TASK DESCRIPTION: Quote, word for word, the line containing "Neerus Floral Embroidered" and all lines that follow it to the end of the records, with no pictures.

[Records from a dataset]
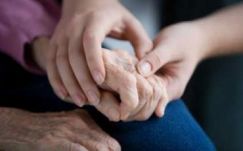 Óriási hiba a szociális szervezetek állami finanszírozásának felfüggesztése az RMDSZ szerint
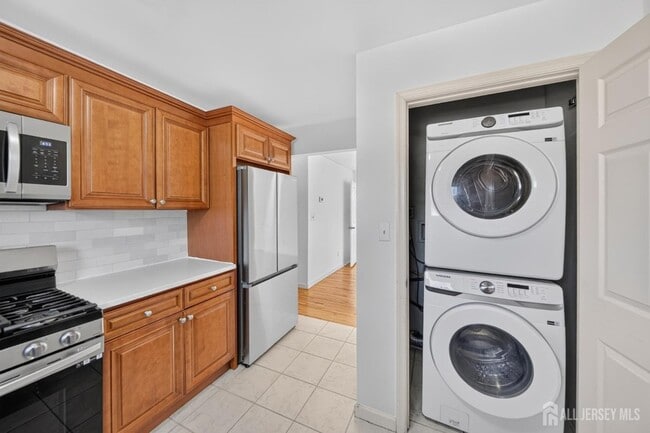Photo - 138 Pershing Ave Unit 2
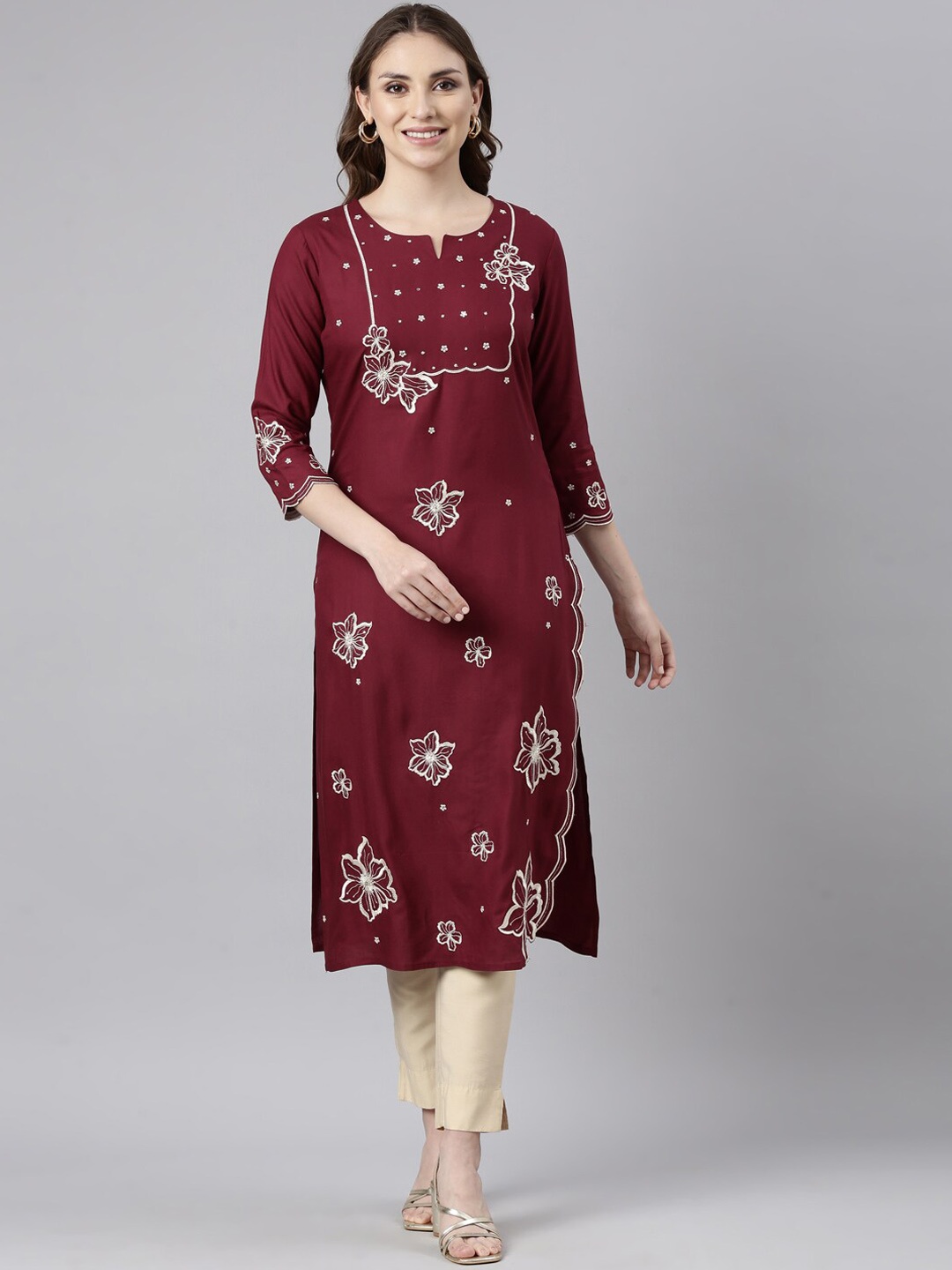 

Neerus Floral Embroidered Notch Neck Thread Work Straight Kurta, Maroon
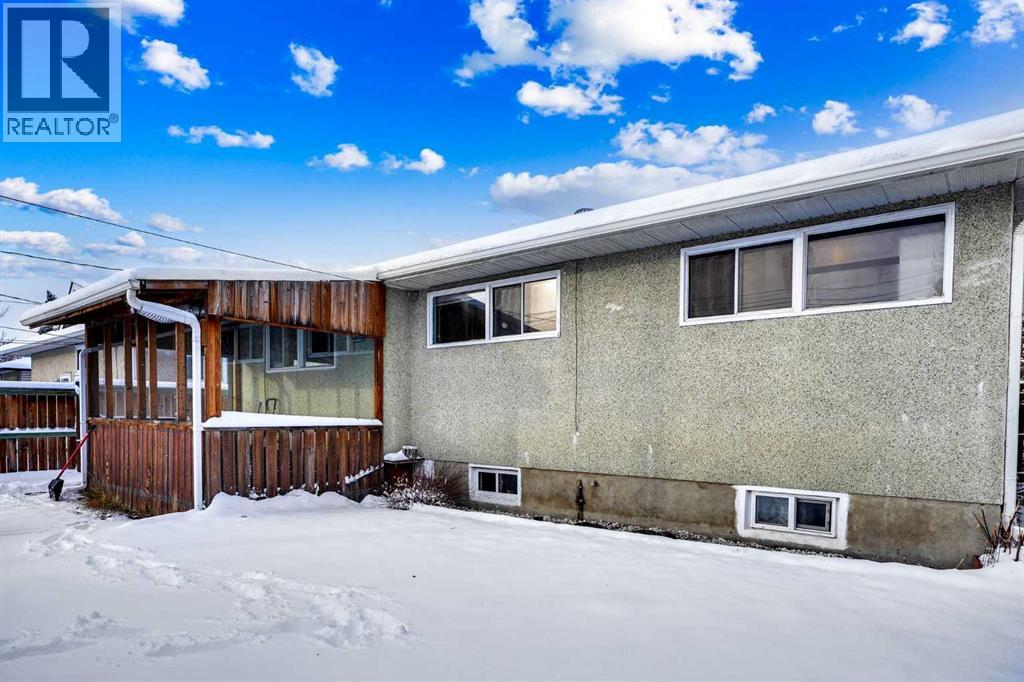1436 Robson Crescent Se Property Photo 12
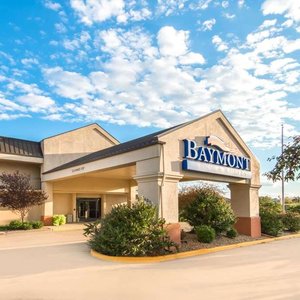 Welcome to the Baymont Topeka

OUTPUT FOR THIS EXERCISE:
Neerus Floral Embroidered Notch Neck Thread Work Straight Kurta, Maroon
1436 Robson Crescent Se Property Photo 12
 Welcome to the Baymont Topeka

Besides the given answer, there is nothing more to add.